:: Material provided ::
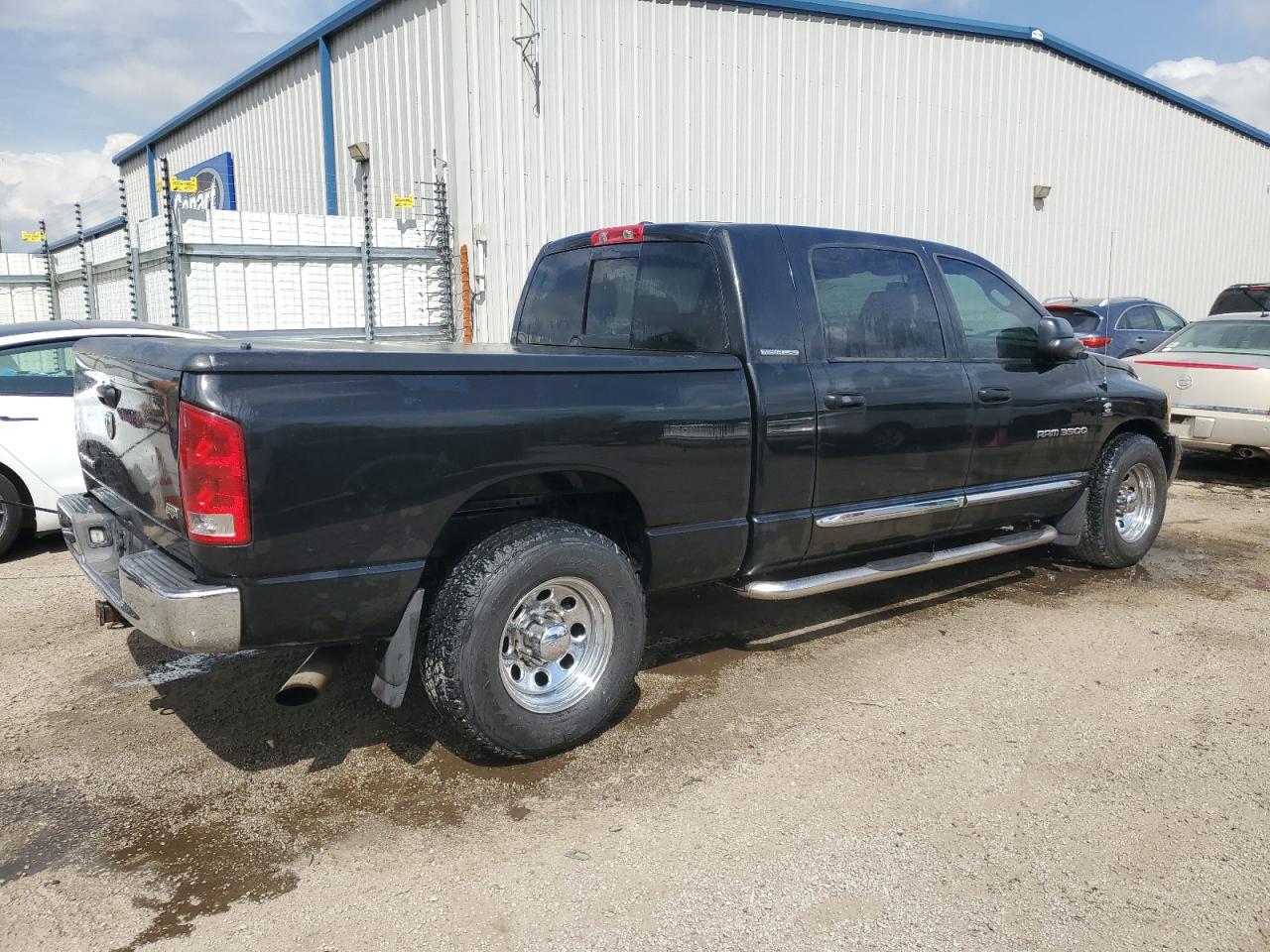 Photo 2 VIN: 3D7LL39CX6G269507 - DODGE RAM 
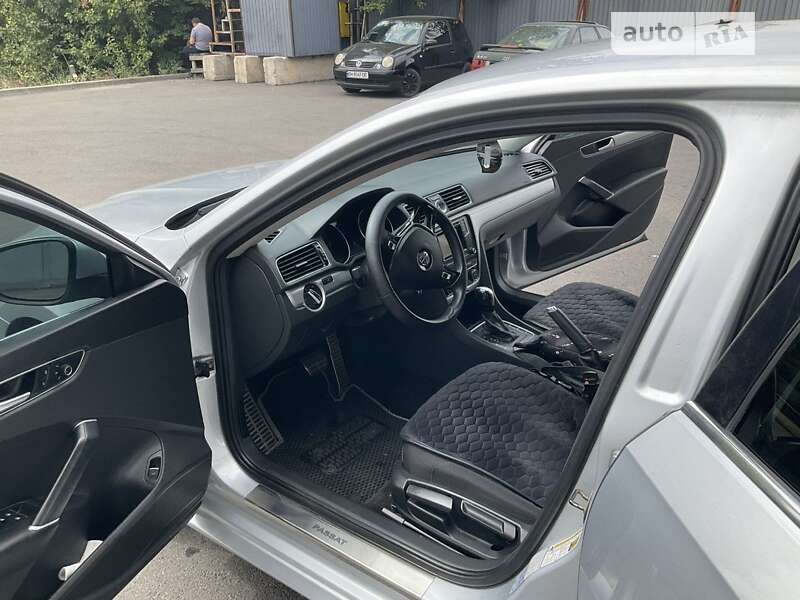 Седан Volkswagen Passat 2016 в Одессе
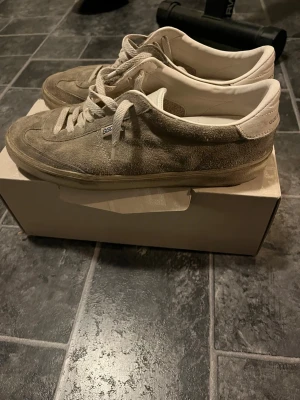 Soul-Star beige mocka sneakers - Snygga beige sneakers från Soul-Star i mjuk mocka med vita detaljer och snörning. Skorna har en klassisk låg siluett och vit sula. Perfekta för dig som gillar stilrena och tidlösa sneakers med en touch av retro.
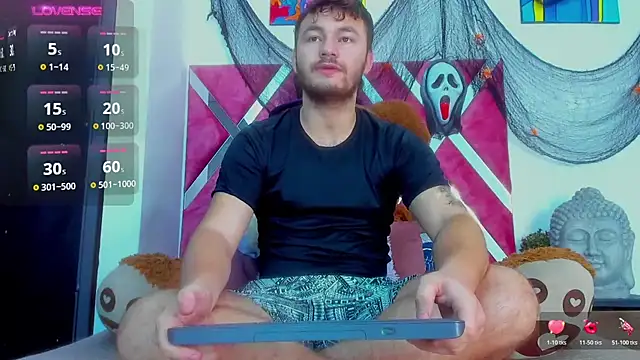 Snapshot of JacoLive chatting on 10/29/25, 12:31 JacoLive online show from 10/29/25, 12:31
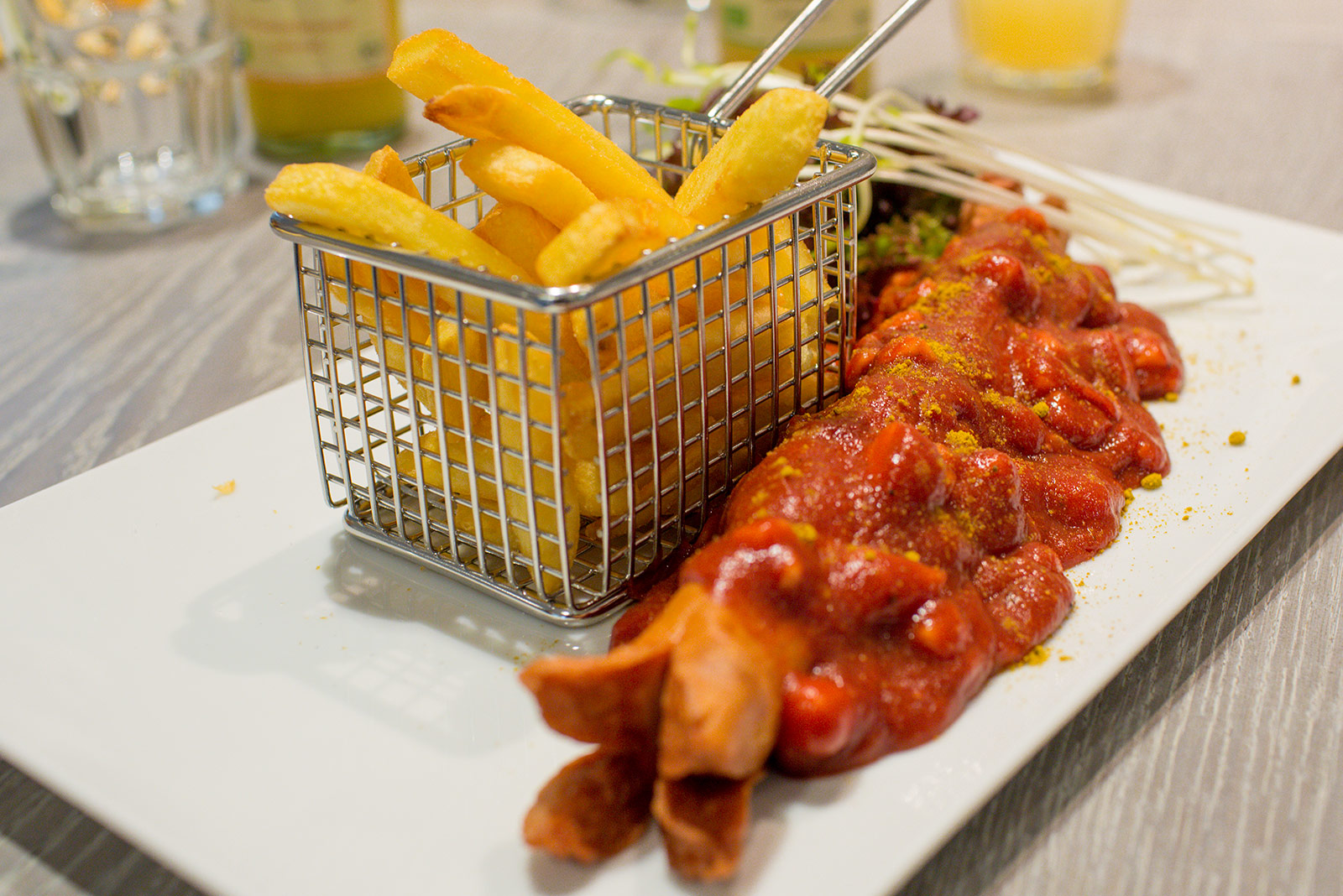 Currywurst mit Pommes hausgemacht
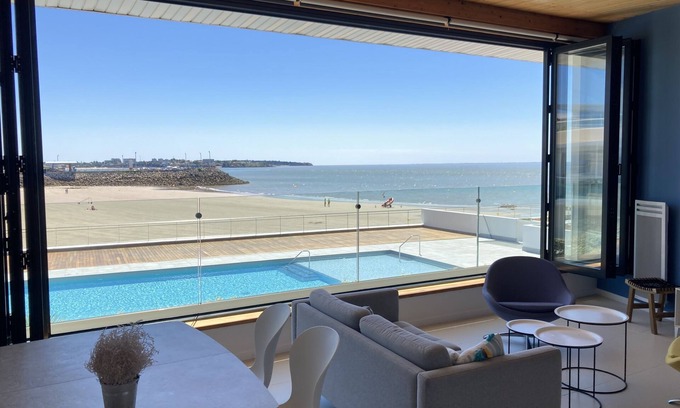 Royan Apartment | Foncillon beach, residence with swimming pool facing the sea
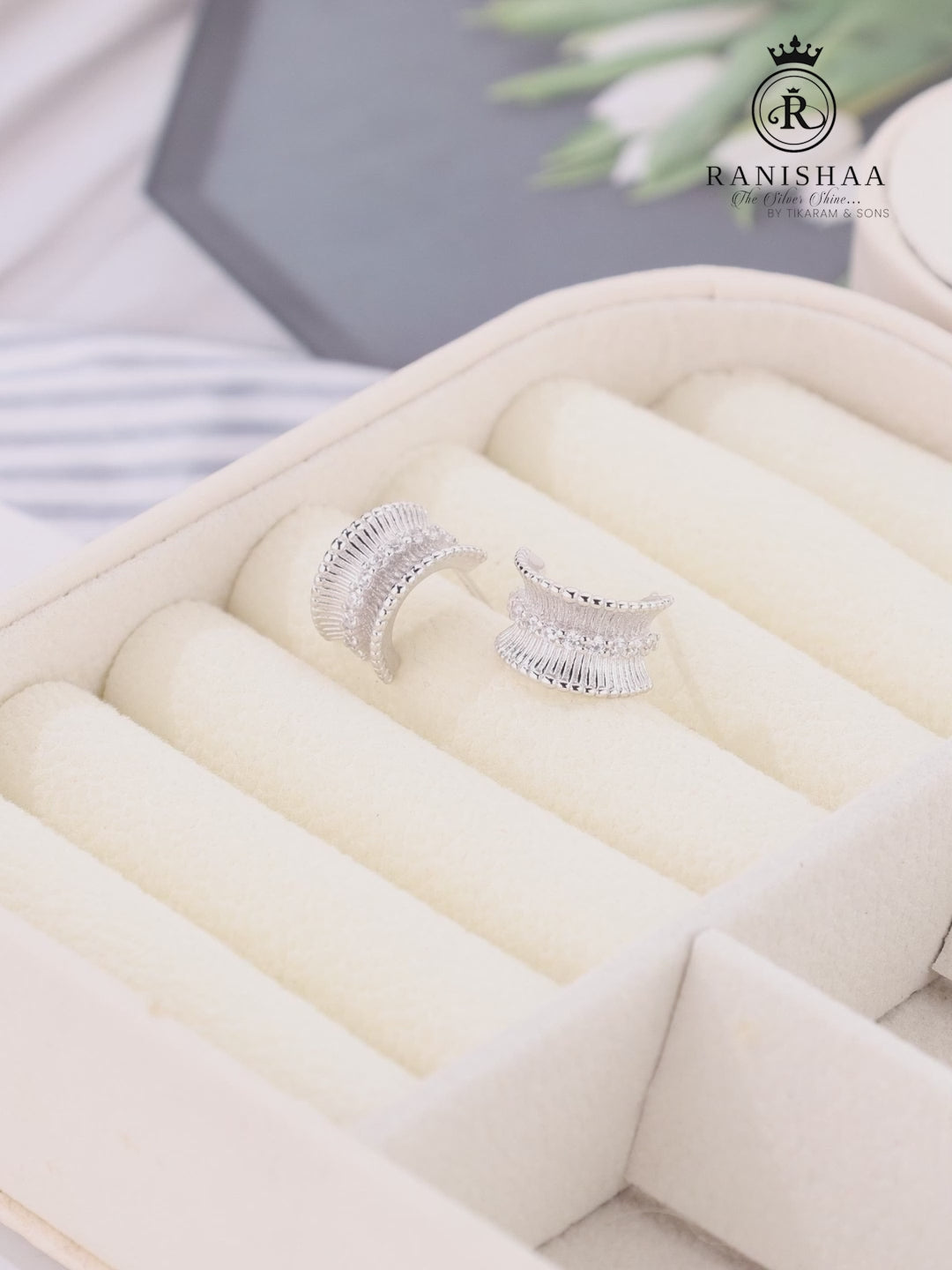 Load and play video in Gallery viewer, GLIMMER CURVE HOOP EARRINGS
:::
_Work request_
Every line from the one containing "Royan Apartment |" through the end of the records is to be returned exactly, and those lines alone; pictures are dropped.

_Task response_
 Royan Apartment | Foncillon beach, residence with swimming pool facing the sea
 Load and play video in Gallery viewer, GLIMMER CURVE HOOP EARRINGS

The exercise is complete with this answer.